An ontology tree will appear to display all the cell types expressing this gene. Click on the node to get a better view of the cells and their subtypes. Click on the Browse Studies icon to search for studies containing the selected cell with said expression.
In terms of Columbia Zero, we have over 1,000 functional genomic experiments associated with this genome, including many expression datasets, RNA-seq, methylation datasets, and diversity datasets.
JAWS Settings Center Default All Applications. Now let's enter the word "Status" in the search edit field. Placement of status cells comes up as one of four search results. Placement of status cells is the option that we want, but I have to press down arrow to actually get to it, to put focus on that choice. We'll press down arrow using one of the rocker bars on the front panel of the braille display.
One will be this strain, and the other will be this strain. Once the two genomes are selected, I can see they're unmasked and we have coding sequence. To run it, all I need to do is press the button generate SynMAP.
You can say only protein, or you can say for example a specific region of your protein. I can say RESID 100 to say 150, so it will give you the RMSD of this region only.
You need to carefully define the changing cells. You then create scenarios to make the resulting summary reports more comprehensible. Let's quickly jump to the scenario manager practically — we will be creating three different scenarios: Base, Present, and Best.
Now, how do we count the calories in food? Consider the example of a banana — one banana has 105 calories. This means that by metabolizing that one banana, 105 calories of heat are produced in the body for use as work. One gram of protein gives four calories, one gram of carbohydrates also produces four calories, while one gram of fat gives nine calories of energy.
...
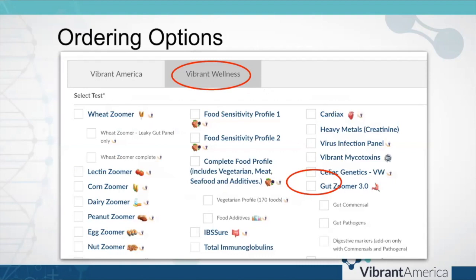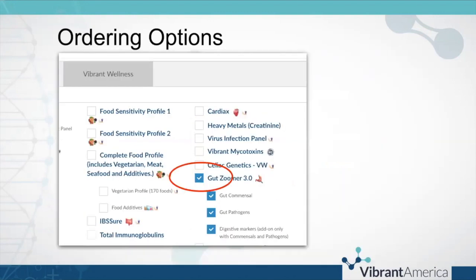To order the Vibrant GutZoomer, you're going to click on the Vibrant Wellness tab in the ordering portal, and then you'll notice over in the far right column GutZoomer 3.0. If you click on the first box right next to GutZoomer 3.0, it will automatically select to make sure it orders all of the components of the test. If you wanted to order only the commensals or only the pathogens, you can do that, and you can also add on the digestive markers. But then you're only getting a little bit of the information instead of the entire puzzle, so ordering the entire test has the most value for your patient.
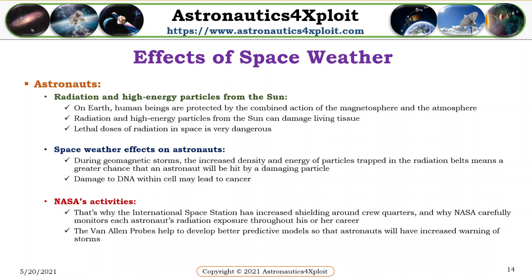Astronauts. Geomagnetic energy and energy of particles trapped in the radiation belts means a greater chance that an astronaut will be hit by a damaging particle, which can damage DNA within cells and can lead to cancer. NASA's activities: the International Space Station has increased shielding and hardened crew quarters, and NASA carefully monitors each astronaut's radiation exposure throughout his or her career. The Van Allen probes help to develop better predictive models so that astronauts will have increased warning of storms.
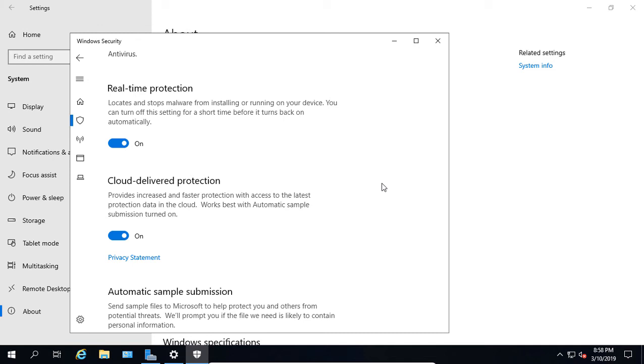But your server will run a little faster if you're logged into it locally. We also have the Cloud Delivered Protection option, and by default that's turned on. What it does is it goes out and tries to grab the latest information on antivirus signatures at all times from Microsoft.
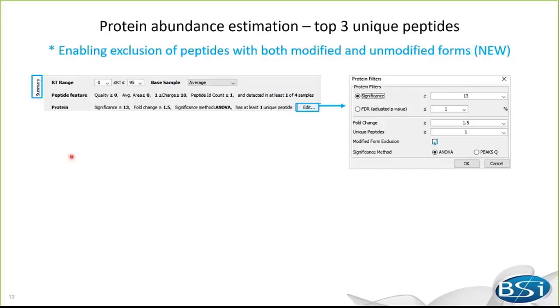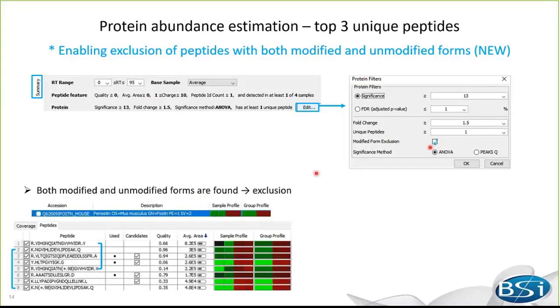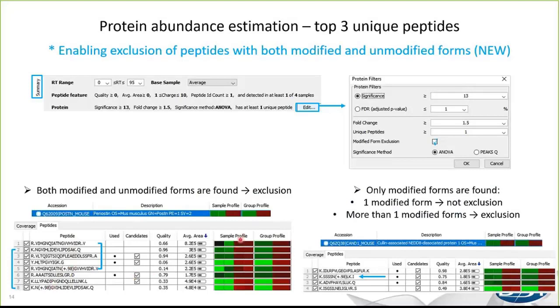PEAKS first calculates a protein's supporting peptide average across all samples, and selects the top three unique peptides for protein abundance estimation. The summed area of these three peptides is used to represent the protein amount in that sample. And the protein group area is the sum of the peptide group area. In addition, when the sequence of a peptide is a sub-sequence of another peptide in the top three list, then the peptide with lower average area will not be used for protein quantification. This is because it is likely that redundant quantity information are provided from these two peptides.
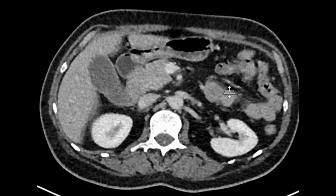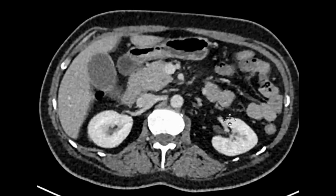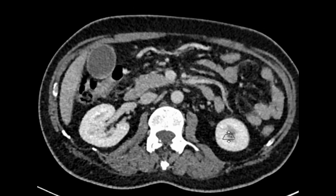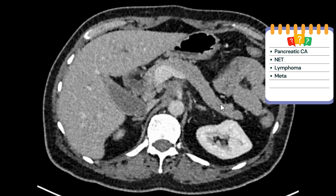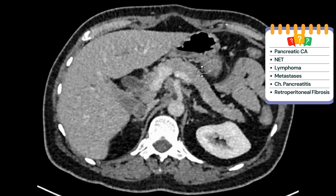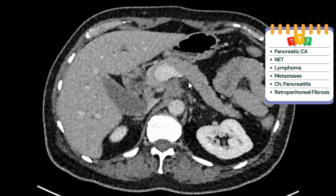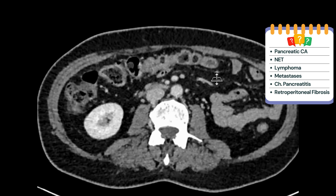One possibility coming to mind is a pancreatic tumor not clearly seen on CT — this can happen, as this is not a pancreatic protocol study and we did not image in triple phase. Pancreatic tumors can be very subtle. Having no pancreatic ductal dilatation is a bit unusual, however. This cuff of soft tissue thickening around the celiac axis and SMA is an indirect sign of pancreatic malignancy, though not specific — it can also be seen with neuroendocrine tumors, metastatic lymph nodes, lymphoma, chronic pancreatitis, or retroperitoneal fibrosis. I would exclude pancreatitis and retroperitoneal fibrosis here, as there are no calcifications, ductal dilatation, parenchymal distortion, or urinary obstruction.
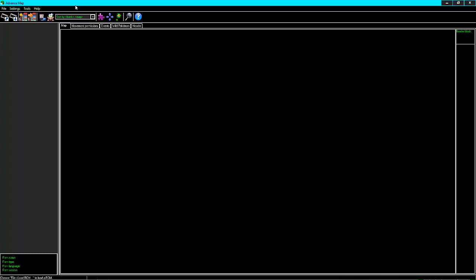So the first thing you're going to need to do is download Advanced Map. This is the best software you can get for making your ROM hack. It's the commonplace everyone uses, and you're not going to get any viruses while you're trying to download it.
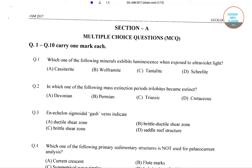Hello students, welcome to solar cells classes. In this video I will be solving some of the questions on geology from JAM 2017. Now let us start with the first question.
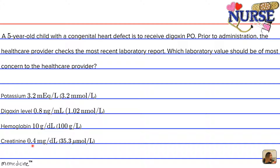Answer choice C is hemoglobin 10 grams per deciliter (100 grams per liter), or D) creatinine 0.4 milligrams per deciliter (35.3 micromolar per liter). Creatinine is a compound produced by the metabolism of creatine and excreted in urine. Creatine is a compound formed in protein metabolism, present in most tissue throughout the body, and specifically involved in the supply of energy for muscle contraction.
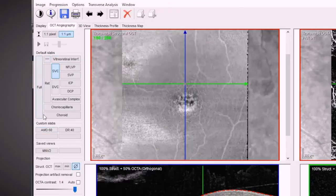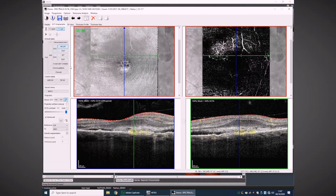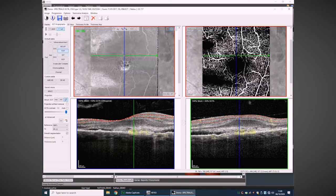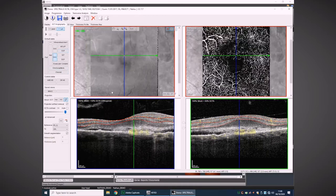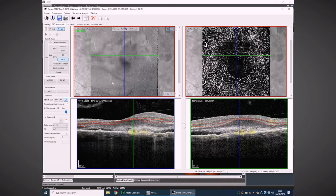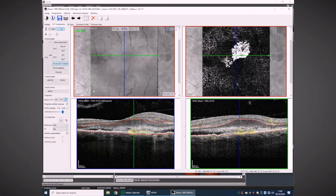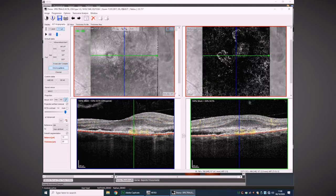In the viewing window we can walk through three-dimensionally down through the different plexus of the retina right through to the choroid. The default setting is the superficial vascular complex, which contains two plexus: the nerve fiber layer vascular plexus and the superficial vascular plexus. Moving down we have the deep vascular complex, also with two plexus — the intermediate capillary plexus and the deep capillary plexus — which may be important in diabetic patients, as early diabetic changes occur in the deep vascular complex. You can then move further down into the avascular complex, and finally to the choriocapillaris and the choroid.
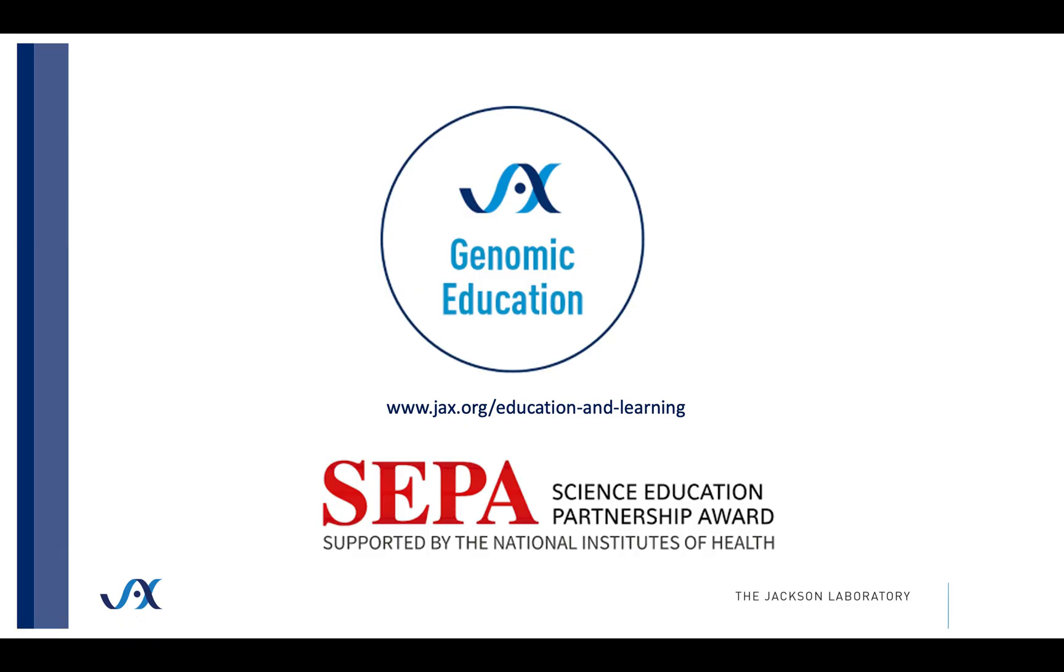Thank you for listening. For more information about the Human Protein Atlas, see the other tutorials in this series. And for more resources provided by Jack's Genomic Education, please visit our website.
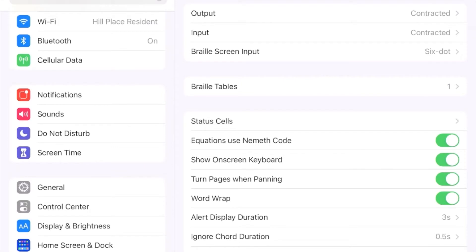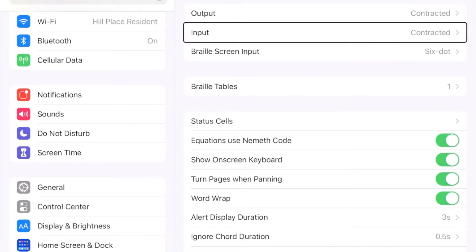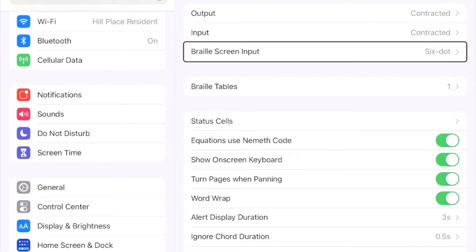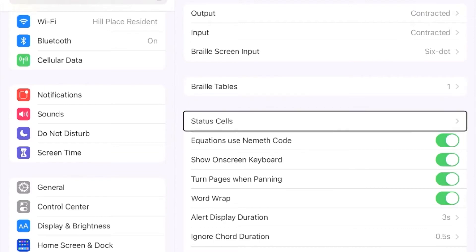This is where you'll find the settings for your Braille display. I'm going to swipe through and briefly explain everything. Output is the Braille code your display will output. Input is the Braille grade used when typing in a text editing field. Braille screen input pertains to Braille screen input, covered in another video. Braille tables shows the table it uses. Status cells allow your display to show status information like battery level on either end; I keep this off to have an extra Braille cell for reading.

| REQUIRED ACTION |
Copy range, inclusive: the line holding "An ontology tree" to the line holding "In terms of". Reproduce exactly those lines of the records above and no others.

| SOLUTION FOR THIS EXERCISE |
An ontology tree will appear to display all the cell types expressing this gene. Click on the node to get a better view of the cells and their subtypes. Click on the Browse Studies icon to search for studies containing the selected cell with said expression.
In terms of Columbia Zero, we have over 1,000 functional genomic experiments associated with this genome, including many expression datasets, RNA-seq, methylation datasets, and diversity datasets.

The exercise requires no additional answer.